*** Information given Section Begins ***

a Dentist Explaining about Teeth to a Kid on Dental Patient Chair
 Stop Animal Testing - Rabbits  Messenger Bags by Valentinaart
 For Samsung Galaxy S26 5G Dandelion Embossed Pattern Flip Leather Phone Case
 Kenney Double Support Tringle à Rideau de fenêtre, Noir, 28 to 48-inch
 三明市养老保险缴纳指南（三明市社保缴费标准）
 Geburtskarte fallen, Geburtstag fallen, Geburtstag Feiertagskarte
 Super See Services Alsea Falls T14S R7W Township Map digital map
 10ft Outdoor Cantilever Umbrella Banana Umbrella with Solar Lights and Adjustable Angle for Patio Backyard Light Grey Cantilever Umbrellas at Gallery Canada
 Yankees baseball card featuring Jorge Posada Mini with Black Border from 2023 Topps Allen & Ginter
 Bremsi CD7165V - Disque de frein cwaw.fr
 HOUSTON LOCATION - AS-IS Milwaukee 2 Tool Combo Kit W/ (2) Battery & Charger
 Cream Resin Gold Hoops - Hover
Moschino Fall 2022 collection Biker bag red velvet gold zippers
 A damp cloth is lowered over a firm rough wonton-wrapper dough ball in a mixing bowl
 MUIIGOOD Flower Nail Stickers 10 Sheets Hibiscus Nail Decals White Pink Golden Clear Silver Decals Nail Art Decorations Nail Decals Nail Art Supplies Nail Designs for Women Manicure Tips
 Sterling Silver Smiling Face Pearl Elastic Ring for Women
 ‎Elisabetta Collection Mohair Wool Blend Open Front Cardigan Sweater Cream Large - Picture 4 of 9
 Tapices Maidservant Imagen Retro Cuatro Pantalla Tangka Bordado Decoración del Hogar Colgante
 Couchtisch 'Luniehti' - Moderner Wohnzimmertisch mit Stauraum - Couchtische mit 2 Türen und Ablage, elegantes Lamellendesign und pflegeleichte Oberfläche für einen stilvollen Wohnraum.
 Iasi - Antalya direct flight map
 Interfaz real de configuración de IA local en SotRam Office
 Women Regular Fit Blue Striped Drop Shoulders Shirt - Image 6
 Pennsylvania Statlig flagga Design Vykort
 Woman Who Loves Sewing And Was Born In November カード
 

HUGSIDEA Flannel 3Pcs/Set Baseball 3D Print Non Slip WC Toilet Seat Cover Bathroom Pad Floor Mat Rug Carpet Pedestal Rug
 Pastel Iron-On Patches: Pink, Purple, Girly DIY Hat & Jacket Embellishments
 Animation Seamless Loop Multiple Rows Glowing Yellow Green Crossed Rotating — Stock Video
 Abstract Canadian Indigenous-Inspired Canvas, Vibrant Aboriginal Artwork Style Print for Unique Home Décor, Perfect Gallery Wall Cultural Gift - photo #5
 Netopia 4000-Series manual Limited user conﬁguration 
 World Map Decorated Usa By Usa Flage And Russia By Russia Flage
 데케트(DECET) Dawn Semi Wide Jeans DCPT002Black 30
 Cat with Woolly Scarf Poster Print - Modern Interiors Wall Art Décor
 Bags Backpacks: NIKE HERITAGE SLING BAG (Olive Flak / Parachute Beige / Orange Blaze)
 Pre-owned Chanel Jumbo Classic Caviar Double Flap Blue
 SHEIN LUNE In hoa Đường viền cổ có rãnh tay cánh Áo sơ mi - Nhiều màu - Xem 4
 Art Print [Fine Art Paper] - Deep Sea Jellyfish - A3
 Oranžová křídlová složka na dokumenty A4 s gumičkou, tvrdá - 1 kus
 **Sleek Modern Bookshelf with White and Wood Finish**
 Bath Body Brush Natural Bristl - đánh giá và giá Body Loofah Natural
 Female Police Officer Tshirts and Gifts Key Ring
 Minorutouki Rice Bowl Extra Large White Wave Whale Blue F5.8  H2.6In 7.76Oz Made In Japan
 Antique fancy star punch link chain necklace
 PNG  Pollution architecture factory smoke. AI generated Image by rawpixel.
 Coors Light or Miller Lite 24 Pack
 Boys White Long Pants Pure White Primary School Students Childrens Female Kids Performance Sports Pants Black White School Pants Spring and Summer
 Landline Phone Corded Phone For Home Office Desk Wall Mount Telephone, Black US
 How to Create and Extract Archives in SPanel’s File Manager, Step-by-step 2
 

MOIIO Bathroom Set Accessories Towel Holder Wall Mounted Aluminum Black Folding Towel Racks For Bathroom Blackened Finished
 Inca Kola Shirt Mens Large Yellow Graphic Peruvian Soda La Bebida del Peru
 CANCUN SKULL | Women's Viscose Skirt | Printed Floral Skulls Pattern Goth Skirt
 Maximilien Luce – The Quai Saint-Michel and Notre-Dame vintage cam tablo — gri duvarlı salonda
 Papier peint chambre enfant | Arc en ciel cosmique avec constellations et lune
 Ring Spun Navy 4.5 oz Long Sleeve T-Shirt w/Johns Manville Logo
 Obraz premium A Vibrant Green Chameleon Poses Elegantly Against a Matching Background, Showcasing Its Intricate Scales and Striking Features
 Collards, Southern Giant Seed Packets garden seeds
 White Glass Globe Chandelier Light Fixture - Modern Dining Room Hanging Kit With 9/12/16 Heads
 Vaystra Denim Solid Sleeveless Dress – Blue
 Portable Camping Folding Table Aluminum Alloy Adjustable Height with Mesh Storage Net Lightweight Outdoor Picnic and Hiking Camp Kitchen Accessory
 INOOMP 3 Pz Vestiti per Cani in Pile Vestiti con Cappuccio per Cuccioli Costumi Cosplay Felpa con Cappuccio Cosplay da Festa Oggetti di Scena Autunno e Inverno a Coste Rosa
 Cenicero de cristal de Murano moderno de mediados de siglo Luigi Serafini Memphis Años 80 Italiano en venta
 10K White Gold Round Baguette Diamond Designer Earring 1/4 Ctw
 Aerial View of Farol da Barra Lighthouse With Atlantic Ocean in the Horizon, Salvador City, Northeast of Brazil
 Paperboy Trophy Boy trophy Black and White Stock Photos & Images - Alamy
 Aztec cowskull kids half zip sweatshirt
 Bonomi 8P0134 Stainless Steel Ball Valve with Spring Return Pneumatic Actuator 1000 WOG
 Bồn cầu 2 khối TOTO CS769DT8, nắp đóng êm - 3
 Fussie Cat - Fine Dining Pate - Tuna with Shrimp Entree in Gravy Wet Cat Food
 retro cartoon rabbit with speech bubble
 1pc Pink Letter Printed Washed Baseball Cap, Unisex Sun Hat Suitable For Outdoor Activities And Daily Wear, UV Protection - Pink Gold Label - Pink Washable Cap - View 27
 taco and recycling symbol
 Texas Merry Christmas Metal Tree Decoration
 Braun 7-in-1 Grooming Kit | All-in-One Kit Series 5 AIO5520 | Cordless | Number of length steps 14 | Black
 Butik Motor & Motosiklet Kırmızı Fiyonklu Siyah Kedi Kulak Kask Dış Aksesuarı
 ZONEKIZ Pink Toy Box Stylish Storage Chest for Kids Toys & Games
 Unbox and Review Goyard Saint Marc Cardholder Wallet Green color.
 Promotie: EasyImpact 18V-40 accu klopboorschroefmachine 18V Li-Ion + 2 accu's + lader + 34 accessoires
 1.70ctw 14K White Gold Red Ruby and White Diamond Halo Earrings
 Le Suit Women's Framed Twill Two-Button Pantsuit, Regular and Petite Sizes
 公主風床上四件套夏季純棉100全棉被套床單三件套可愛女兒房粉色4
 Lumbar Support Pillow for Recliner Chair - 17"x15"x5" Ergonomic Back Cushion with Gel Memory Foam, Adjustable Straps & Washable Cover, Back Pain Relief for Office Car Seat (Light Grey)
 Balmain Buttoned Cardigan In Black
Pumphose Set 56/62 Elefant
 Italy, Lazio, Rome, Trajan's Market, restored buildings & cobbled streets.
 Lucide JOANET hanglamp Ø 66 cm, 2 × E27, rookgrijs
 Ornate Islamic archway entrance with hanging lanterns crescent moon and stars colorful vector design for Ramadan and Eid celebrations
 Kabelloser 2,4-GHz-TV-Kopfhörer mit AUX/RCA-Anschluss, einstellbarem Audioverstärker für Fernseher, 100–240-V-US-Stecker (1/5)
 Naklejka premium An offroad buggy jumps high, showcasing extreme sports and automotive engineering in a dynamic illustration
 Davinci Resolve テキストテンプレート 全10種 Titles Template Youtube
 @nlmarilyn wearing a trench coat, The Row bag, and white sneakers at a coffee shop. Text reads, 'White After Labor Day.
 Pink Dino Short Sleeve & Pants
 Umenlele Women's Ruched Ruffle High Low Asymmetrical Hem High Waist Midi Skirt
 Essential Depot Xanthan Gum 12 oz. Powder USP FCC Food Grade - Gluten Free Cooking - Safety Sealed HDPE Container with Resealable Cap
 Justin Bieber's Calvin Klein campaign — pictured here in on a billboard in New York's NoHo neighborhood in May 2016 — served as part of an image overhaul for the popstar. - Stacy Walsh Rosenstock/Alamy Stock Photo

*** Information given Section Ends ***

(About this exercise): In the entries above, find the line holding "Lumbar Support Pillow" and the line holding "Italy, Lazio, Rome, Trajan's", then retype exactly those two lines and every line between them, and nothing else.

(Exercise output):
 Lumbar Support Pillow for Recliner Chair - 17"x15"x5" Ergonomic Back Cushion with Gel Memory Foam, Adjustable Straps & Washable Cover, Back Pain Relief for Office Car Seat (Light Grey)
 Balmain Buttoned Cardigan In Black
Pumphose Set 56/62 Elefant
 Italy, Lazio, Rome, Trajan's Market, restored buildings & cobbled streets.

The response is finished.